Search code examples
perlauthenticationuser-agentmojolicious

Replace authenticated user agent login/ page scrape using Perl and Mojolicious


I am trying to port some old web scraping scripts written using older Perl modules to work using only Mojolicious.

Have written a few basic scripts with Mojo but am puzzled on an authenticated login which uses a secure login site and how this should be handled with a Mojo::UserAgent script. Unfortunately the only example I can see in the documentation is for basic authentication without forms.

The Perl script I am trying to convert to work with Mojo:UserAgent is as follows:

#!/usr/bin/perl

use LWP;
use LWP::Simple;
use LWP::Debug qw(+);
use LWP::Protocol::https;
use WWW::Mechanize;
use HTTP::Cookies;

# login first before navigating to pages
# Create our automated browser and set up to handle cookies
my $agent = WWW::Mechanize->new();
$agent->cookie_jar(HTTP::Cookies->new());
$agent->agent_alias( 'Windows IE 6' );  #tell the website who we are (old!)

# get login page

$agent->get("https://reg.mysite.com")
$agent->success or die $agent->response->status_line;

# complete the user name and password form
$agent->form_number (1);
$agent->field (username => "user1");
$agent->field (password => "pass1");
$agent->click();

#try to get member's only content page from main site on basis we are now "logged in" 
$agent->get("http://www.mysite.com/memberpagesonly1");
$agent->success or die $agent->response->status_line;

$member_page = $agent->content();
print "$member_page\n";

So the above works fine.

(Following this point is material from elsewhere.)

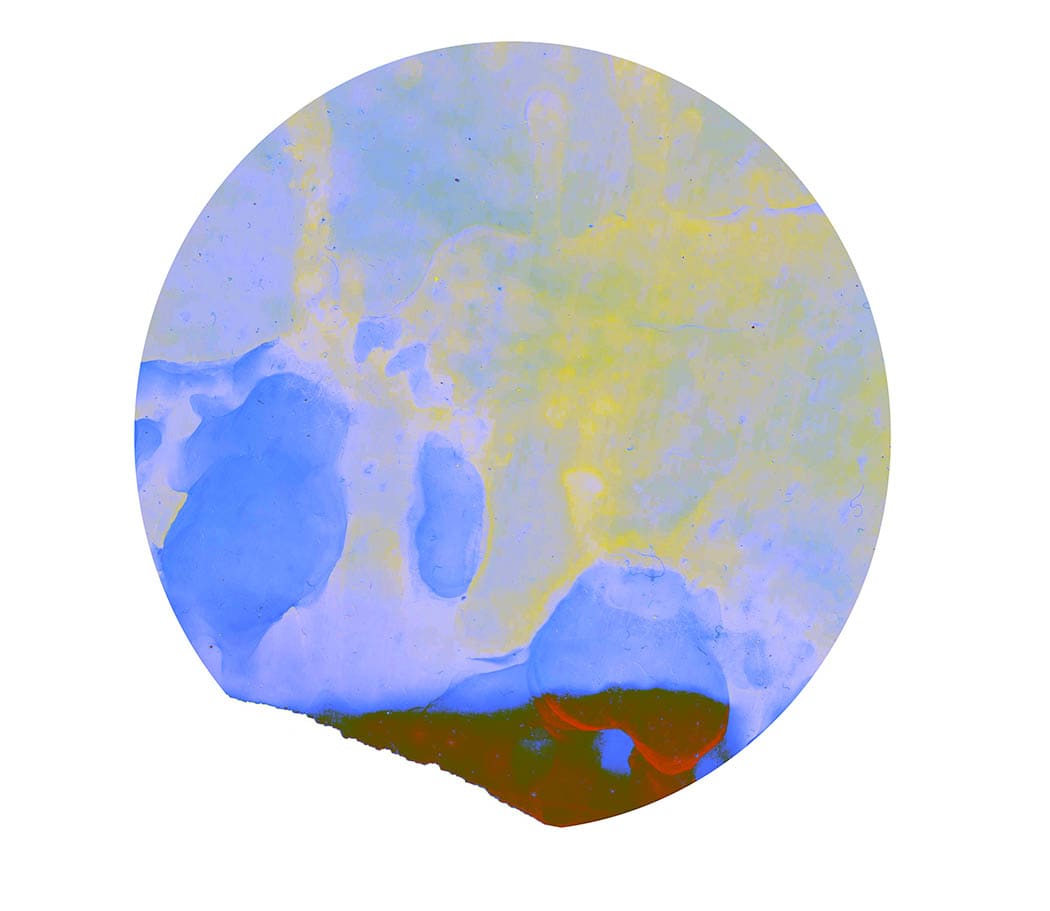 Echo V by Hannah Pasedag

How to convert to do the same job in Mojolicious?


Solution

  • Mojolicious is a web application framework. While Mojo::UserAgent works well as a low-level HTTP user agent, and provides facilities that are unavailble from LWP (in particular native support for asynchronous requests and IPV6) neither are as convenient to use as as WWW::Mechanize for web scraping.

    WWW::Mechanize subclasses LWP::UserAgent to interface with the internet, and uses HTML::Form to process the forms it finds. Mojo::UserAgent has no facility for processing HTML forms, and so building the corresponding HTTP requests is not at all straighforward. Information such as the HTTP method used (GET or POST) the names of the form fields, and the insertion of default values for hidden fields are all done automatically by HTML::Form and are left to the programmer if you restrict yourself to Mojo::UserAgent.

    It seems to me that even trying to use Mojo::UserAgent in combination with HTML::Form is poblematic, as the former requires a Mojo::Transaction::HTTP object to represent the submission of a filled-in form, whereas the latter generates HTTP::Request objects for use with LWP.

    In short, unless you are willing to largely rewrite WWW::Mechanize, I think there is no way to reimplement your software using Mojolicious modules.